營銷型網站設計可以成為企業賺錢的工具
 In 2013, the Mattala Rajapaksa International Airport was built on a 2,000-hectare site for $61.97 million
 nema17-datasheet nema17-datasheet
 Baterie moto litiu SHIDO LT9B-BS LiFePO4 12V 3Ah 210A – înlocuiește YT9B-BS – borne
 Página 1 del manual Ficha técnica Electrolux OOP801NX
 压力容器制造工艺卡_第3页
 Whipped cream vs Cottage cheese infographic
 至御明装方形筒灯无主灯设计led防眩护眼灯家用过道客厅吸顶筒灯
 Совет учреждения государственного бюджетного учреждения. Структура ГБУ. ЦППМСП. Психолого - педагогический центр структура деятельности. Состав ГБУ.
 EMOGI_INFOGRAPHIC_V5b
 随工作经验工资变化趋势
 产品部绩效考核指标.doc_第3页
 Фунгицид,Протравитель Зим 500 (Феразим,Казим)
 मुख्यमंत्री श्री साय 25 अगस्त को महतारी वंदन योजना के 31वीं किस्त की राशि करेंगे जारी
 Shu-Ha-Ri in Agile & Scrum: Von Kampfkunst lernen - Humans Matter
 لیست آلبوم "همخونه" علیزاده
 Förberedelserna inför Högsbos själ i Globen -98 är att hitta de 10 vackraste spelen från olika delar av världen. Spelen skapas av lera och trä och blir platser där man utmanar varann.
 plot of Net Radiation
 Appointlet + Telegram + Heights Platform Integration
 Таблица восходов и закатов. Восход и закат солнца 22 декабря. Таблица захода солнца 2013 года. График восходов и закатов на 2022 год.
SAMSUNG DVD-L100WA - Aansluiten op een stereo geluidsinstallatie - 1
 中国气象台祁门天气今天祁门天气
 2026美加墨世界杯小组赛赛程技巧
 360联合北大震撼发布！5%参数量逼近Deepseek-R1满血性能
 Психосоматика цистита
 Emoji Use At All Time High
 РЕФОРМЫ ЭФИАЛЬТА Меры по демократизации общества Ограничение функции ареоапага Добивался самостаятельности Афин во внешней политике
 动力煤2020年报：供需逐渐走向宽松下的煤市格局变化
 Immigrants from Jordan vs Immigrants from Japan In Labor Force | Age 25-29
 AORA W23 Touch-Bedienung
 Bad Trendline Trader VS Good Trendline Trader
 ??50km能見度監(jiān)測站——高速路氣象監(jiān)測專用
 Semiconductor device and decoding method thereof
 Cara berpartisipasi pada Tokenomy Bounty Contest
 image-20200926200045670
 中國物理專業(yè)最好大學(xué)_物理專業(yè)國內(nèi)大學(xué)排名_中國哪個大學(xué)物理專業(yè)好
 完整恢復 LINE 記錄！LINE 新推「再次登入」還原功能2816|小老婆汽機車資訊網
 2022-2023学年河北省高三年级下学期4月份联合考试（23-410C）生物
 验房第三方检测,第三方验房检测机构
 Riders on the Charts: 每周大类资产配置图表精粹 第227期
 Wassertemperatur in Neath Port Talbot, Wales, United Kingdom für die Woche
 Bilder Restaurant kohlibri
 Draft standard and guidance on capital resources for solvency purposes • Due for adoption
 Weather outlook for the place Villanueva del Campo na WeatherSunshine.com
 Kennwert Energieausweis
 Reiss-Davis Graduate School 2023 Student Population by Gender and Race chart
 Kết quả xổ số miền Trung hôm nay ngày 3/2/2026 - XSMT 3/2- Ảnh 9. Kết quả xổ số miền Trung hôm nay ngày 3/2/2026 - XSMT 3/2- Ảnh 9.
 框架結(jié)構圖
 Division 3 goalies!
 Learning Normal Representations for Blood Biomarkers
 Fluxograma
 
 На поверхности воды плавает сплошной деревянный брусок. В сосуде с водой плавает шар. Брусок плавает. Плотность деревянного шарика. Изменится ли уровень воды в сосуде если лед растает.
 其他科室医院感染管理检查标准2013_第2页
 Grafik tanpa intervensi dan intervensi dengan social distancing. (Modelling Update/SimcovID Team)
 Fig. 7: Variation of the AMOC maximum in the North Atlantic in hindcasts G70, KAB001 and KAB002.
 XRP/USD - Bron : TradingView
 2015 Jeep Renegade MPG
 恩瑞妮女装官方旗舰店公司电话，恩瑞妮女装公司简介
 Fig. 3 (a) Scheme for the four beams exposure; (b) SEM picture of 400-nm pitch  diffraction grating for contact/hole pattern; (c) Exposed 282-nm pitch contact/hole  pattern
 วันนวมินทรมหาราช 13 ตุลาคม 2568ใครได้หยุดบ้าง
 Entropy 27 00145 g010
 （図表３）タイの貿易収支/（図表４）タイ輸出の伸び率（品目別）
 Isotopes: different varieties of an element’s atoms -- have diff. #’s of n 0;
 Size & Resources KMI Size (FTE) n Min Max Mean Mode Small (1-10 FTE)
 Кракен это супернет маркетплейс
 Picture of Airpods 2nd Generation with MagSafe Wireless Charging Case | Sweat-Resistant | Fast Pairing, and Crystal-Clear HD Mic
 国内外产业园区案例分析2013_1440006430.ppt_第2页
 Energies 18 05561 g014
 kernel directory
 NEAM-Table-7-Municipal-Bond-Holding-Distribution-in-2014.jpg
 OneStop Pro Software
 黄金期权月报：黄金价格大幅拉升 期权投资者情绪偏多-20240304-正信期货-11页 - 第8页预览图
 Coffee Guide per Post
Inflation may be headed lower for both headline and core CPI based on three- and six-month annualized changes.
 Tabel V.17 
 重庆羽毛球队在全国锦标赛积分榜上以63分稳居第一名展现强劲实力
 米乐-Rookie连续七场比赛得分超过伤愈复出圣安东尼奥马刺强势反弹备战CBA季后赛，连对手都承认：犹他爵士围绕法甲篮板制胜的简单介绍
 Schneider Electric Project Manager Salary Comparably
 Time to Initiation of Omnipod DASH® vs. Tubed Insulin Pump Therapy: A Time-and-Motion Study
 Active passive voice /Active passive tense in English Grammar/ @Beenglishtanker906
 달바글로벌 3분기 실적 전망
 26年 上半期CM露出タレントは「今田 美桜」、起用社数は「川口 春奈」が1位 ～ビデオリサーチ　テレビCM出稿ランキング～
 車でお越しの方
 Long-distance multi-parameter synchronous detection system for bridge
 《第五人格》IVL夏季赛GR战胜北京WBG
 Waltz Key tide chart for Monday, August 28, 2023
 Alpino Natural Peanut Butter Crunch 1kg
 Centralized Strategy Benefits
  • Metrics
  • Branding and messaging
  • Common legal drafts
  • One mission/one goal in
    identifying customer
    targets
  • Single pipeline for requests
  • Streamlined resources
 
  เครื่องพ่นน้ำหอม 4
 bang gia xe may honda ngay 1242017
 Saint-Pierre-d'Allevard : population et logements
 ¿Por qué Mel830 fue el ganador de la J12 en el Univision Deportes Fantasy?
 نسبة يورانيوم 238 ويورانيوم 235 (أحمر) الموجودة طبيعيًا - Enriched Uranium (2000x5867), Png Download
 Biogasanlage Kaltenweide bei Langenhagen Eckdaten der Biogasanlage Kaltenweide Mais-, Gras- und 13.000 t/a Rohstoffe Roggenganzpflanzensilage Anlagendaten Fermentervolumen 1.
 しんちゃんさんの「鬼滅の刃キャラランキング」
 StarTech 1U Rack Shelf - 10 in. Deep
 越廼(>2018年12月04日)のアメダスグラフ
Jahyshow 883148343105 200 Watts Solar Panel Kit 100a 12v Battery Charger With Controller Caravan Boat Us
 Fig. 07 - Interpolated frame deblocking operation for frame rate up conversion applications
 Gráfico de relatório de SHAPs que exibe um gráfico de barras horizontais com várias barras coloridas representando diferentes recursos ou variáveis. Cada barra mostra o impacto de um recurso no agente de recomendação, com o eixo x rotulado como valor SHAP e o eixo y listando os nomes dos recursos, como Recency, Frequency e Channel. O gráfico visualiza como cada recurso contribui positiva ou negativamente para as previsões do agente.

Problem to solve
Could you restate word for word the lines above, from the one that contains "Picture of Airpods" through the one that contains "Time to Initiation", and no others?

Written response
 Picture of Airpods 2nd Generation with MagSafe Wireless Charging Case | Sweat-Resistant | Fast Pairing, and Crystal-Clear HD Mic
 国内外产业园区案例分析2013_1440006430.ppt_第2页
 Energies 18 05561 g014
 kernel directory
 NEAM-Table-7-Municipal-Bond-Holding-Distribution-in-2014.jpg
 OneStop Pro Software
 黄金期权月报：黄金价格大幅拉升 期权投资者情绪偏多-20240304-正信期货-11页 - 第8页预览图
 Coffee Guide per Post
Inflation may be headed lower for both headline and core CPI based on three- and six-month annualized changes.
 Tabel V.17 
 重庆羽毛球队在全国锦标赛积分榜上以63分稳居第一名展现强劲实力
 米乐-Rookie连续七场比赛得分超过伤愈复出圣安东尼奥马刺强势反弹备战CBA季后赛，连对手都承认：犹他爵士围绕法甲篮板制胜的简单介绍
 Schneider Electric Project Manager Salary Comparably
 Time to Initiation of Omnipod DASH® vs. Tubed Insulin Pump Therapy: A Time-and-Motion Study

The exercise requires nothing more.